Astronomers at NASA and Pennsylvania State University have used NASA’s Swift satellite to create the most detailed ultraviolet light surveys ever of the Large and Small Magellanic Clouds, the two closest major galaxies.
“We took thousands of images and assembled them into seamless portraits of the main body of each galaxy, resulting in the highest-resolution surveys of the Magellanic Clouds at ultraviolet wavelengths,” said Stefan Immler, who proposed the program and led NASA’s contribution from the agency’s Goddard Space Flight Center in Greenbelt, Md.
Immler presented a 160-megapixel mosaic image of the Large Magellanic Cloud and a 57-megapixel mosaic image of the Small Magellanic Cloud at the 222nd American Astronomical Society meeting in Indianapolis June 3.
The new images reveal about 1 million ultraviolet sources in the LMC and about 250,000 in the SMC. The images include light ranging from 1,600 to 3,300 angstroms, which is a range of UV wavelengths largely blocked by Earth’s atmosphere.
“Prior to these images, there were relatively few UV observations of these galaxies, and none at high resolution across such wide areas, so this project fills in a major missing piece of the scientific puzzle,” said Michael Siegel, lead scientist for Swift’s Ultraviolet/Optical Telescope at the Swift Mission Operations Center at the university in State College, Penn.
The LMC and SMC lie about 163,000 light-years and 200,000 light-years away, respectively, and orbit each other as well as our own Milky Way galaxy. The LMC is about one-tenth the size of the Milky Way and contains only 1 percent of the Milky Way’s mass. The SMC is half the size of the LMC and contains about two-thirds of its mass.
Despite their modest sizes, the galaxies loom large in the sky because they are so close to us. Both extend far beyond the UVOT’s field of view, which meant thousands of images were needed in order to cover both galaxies in three ultraviolet colors centered at wavelengths of 1,928 angstroms, 2,246 angstroms, and 2,600 angstroms.
Viewing in the ultraviolet allows astronomers to suppress the light of normal stars like the sun, which are not very bright at such higher energies, and provides a clearer picture of the hottest stars and star-formation regions. No telescope other than UVOT can produce such high-resolution wide-field multicolor surveys in the ultraviolet. Swift’s wide-field imaging capabilities provide a powerful complement to the deeper, but much narrower-field imaging power of NASA’s Hubble Space Telescope.

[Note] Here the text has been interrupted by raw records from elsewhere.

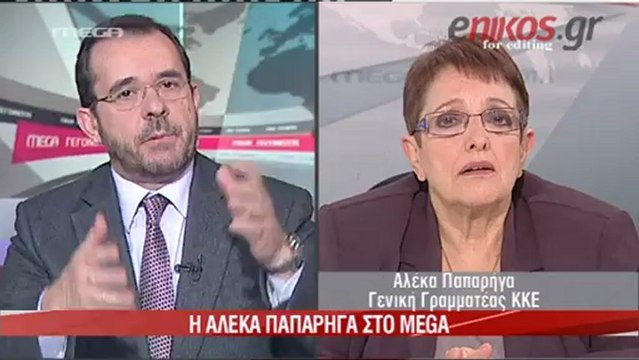 Η ΠΑΠΑΡΗΓΑ ΣΤΟ MEGA Β ΜΕΡΟΣ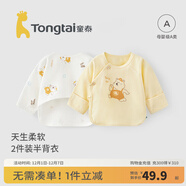 童泰新生兒半背衣嬰兒衣服四季0-3個(gè)月初生寶寶純棉上衣和尚服2件裝 黃色小熊(精梳純棉) 59 碼(建議1-3個(gè)月身高55-60cm)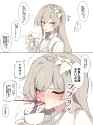 186 KB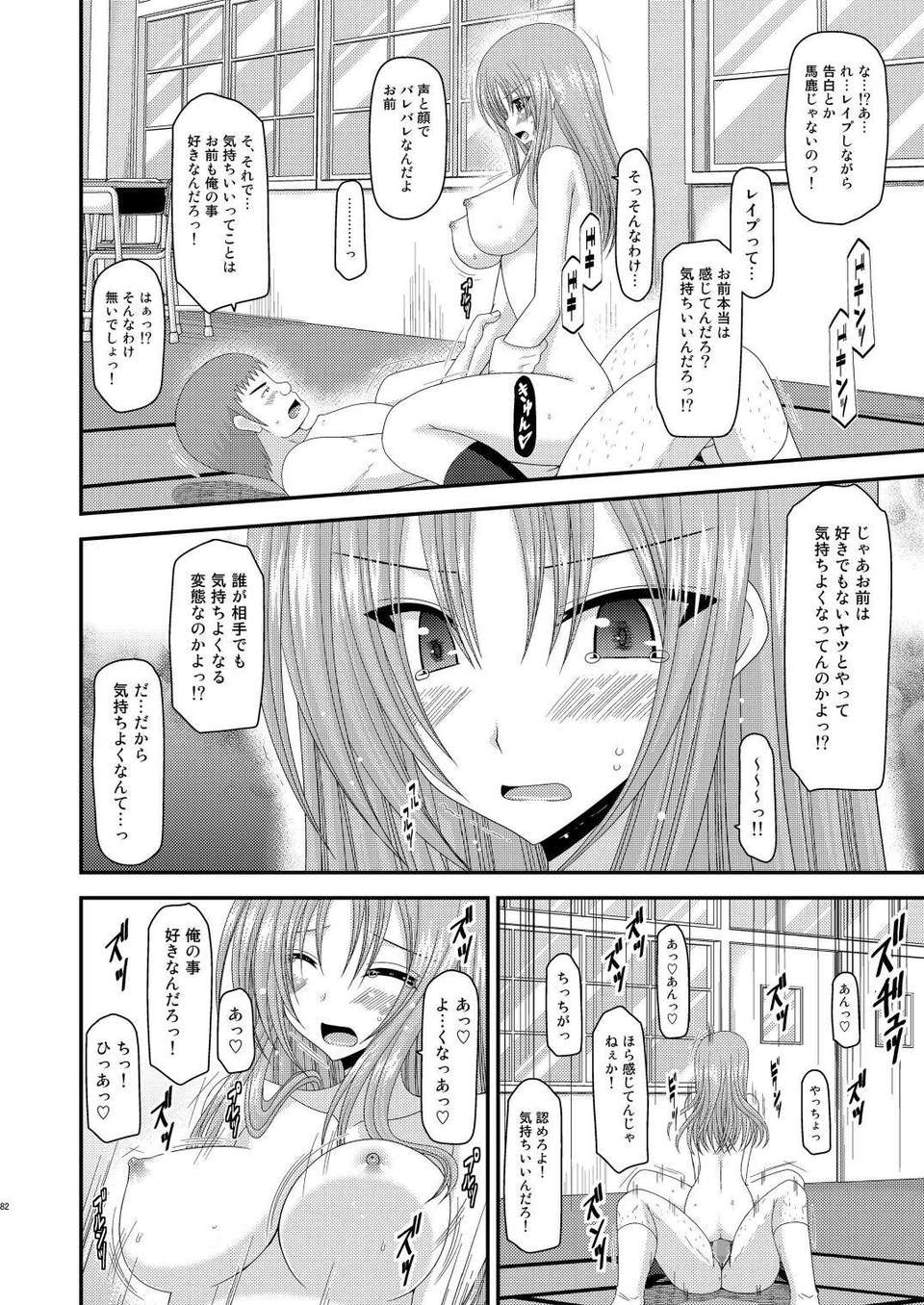 080_Roshutsu_Shoujo_Yuugi_Kan_4_80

To produce the 160-megapixel LMC mosaic, Swift’s UVOT acquired 2,200 snapshots for a cumulative exposure of 5.4 days. The 57-megapixel SMC image comprises 656 individual images with a total exposure of 1.8 days.
Both images have an angular resolution of 2.5 arcseconds, which is a measure of their sharpness. Sources separated by this angle, which is equivalent to the size of a dime seen from 1 mile away, are visible as distinct objects.

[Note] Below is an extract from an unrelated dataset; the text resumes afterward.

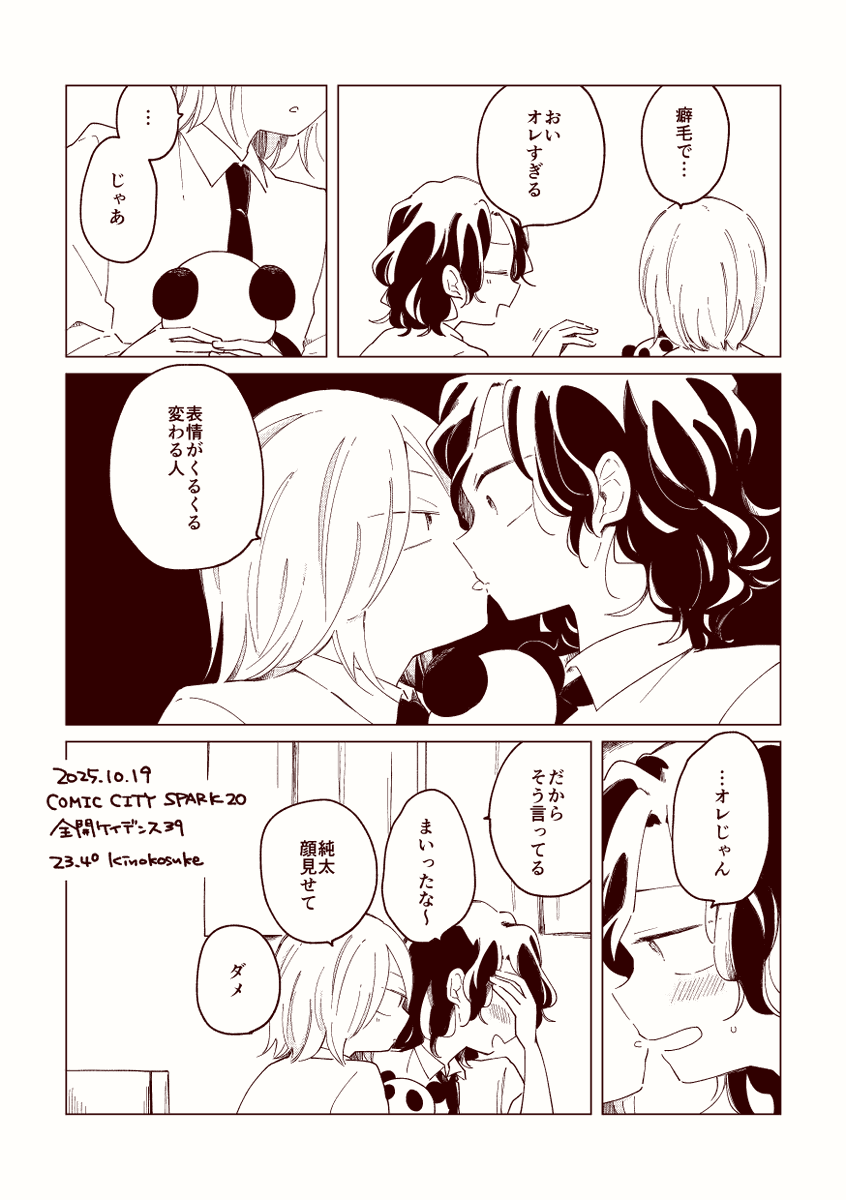 全ケイで無配してたペーパーです。お手に取ってくださった方ありがとうございました～！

“With these mosaics, we can study how stars are born and evolve across each galaxy in a single view, something that’s very difficult to accomplish for our own galaxy because of our location inside it,” Immler said.

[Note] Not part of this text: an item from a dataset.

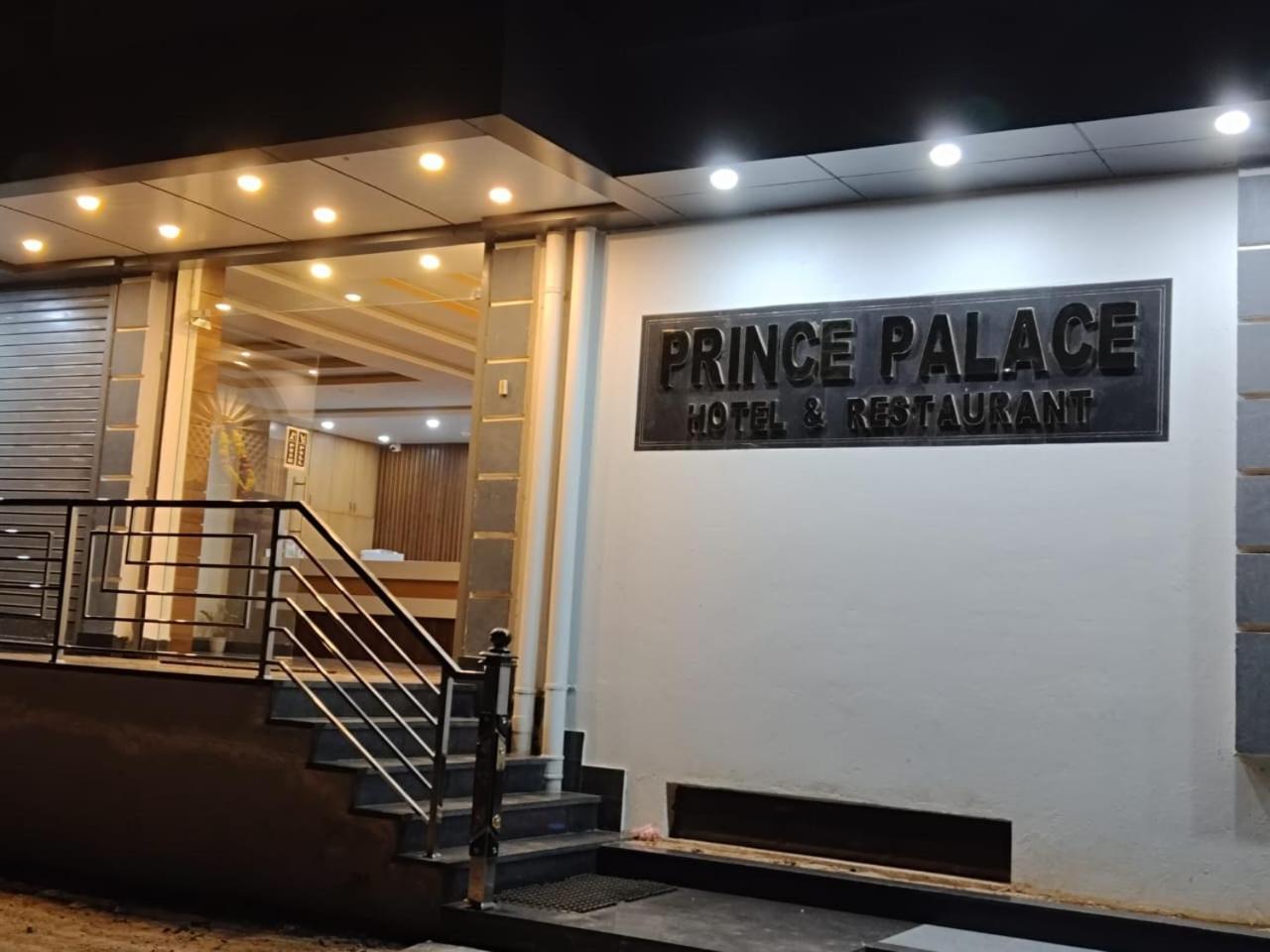 Prince Palace Jhargram 외부 사진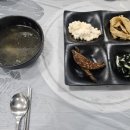 정돈이네회짱포차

The Large and Small Magellanic Clouds are readily visible from the Southern Hemisphere as faint, glowing patches in the night sky. The galaxies are named after Ferdinand Magellan, the Portuguese explorer who in 1519 led an expedition to sail around the world. He and his crew were among the first Europeans to sight the objects.
Pennsylvania State University manages the Swift Mission Operations Center, which controls Swift’s science and flight operations. Goddard manages Swift, which was launched in November 2004. The satellite is operated in collaboration with Penn State, the Los Alamos National Laboratory in New Mexico and Orbital Sciences Corp. in Dulles, Va. International collaborators are in the United Kingdom and Italy, and the mission includes contributions from Germany and Japan.